- Opening Delimiter -
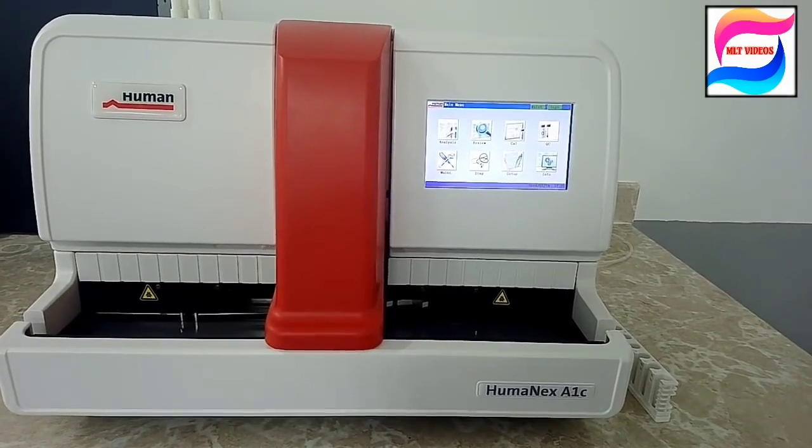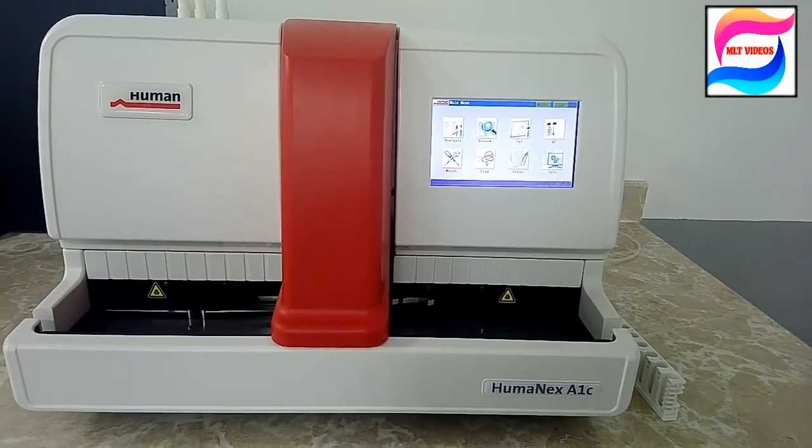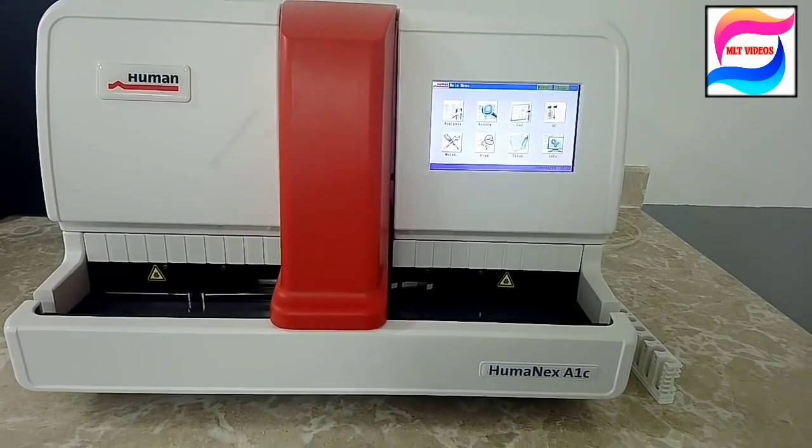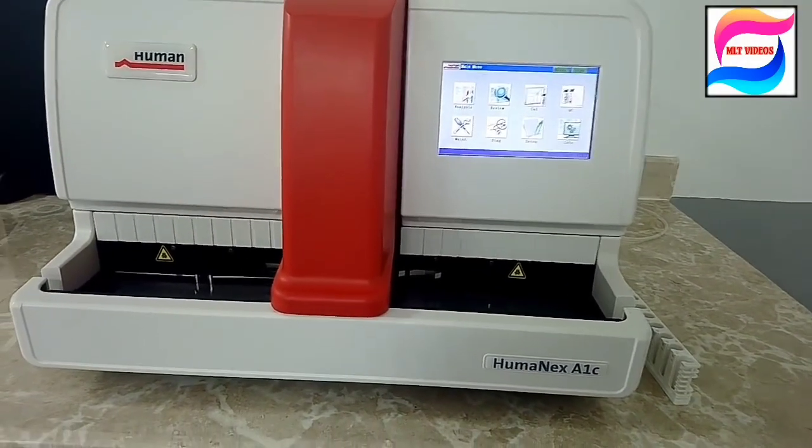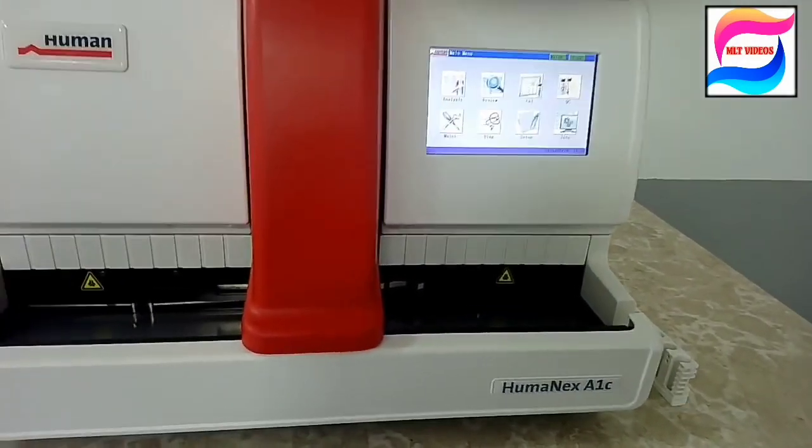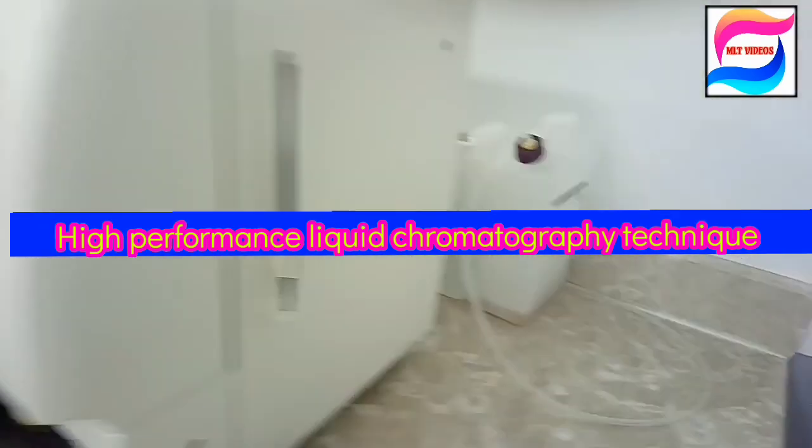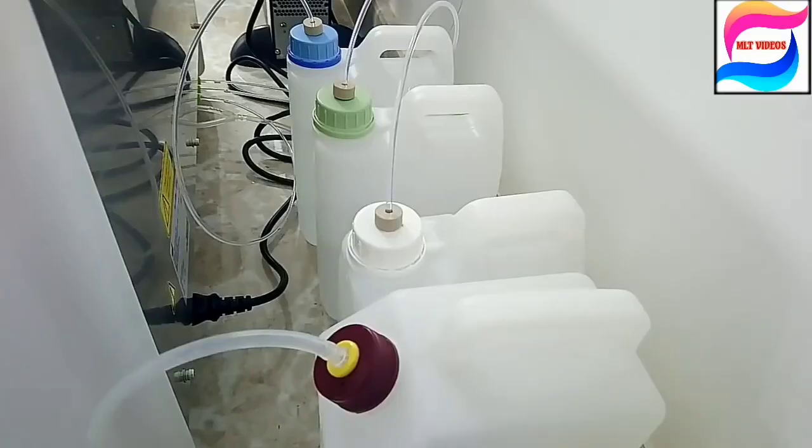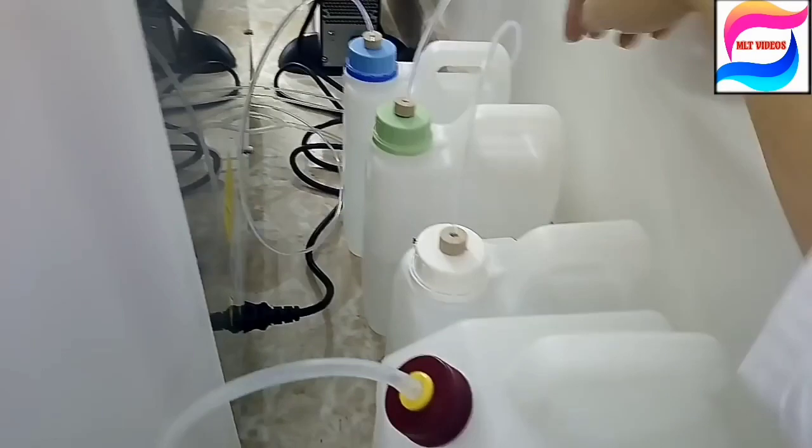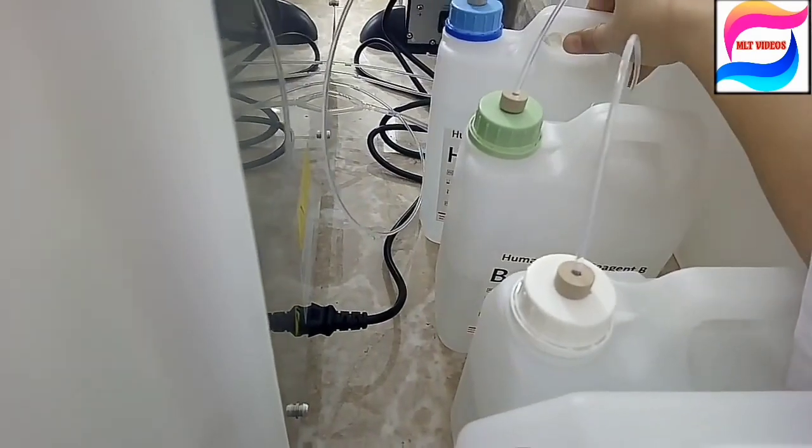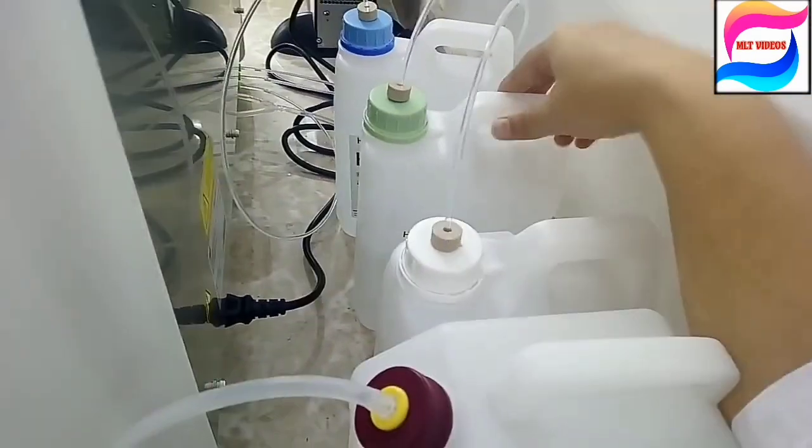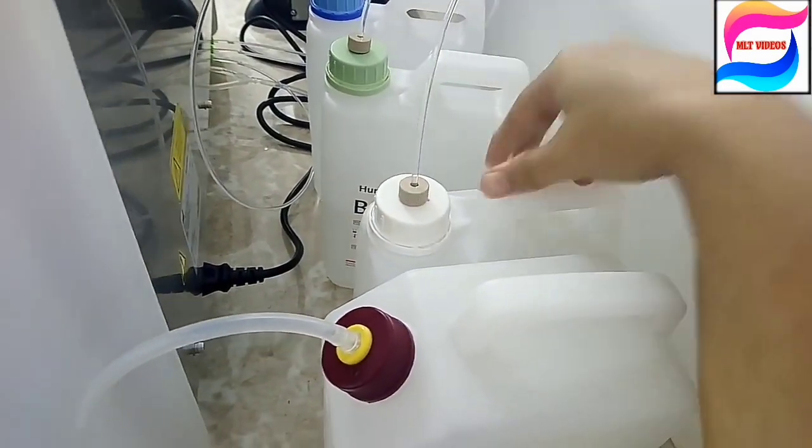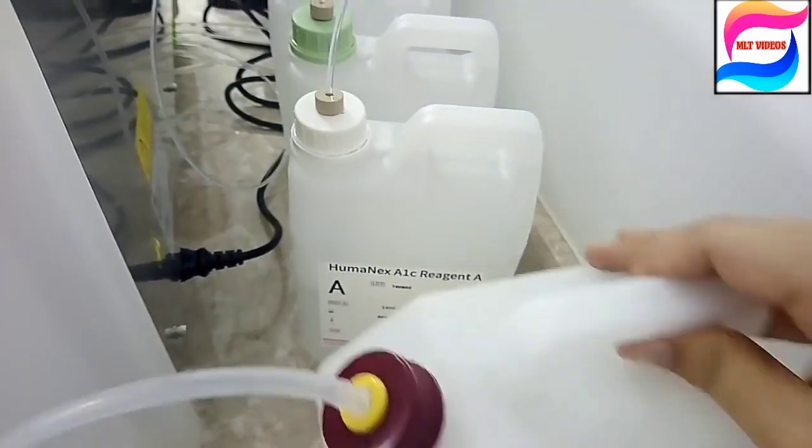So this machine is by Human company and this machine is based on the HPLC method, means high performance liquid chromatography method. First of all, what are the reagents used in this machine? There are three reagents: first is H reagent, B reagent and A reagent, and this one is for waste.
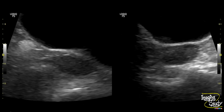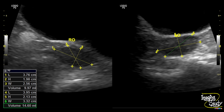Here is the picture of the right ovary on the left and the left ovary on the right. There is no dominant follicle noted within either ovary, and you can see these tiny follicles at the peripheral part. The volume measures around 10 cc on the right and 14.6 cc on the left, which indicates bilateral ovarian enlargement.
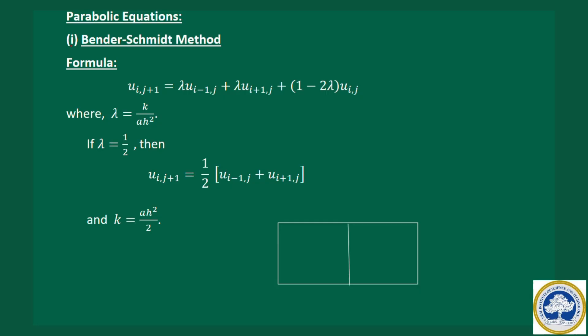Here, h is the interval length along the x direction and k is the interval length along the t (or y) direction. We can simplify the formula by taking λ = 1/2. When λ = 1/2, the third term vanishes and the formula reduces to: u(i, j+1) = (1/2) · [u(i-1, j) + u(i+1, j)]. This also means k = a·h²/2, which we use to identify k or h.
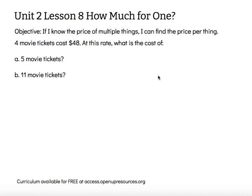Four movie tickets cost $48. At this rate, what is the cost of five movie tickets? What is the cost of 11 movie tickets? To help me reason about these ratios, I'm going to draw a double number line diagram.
- Closing Delimiter -
**TASK REQUIREMENTS**
Exclude the pictures from the copy. Retype exactly the lines running from the one containing "Here is the" through the last line of the listing.

**FINAL ANSWER**
Here is the picture of the right ovary on the left and the left ovary on the right. There is no dominant follicle noted within either ovary, and you can see these tiny follicles at the peripheral part. The volume measures around 10 cc on the right and 14.6 cc on the left, which indicates bilateral ovarian enlargement.
Here, h is the interval length along the x direction and k is the interval length along the t (or y) direction. We can simplify the formula by taking λ = 1/2. When λ = 1/2, the third term vanishes and the formula reduces to: u(i, j+1) = (1/2) · [u(i-1, j) + u(i+1, j)]. This also means k = a·h²/2, which we use to identify k or h.
Four movie tickets cost $48. At this rate, what is the cost of five movie tickets? What is the cost of 11 movie tickets? To help me reason about these ratios, I'm going to draw a double number line diagram.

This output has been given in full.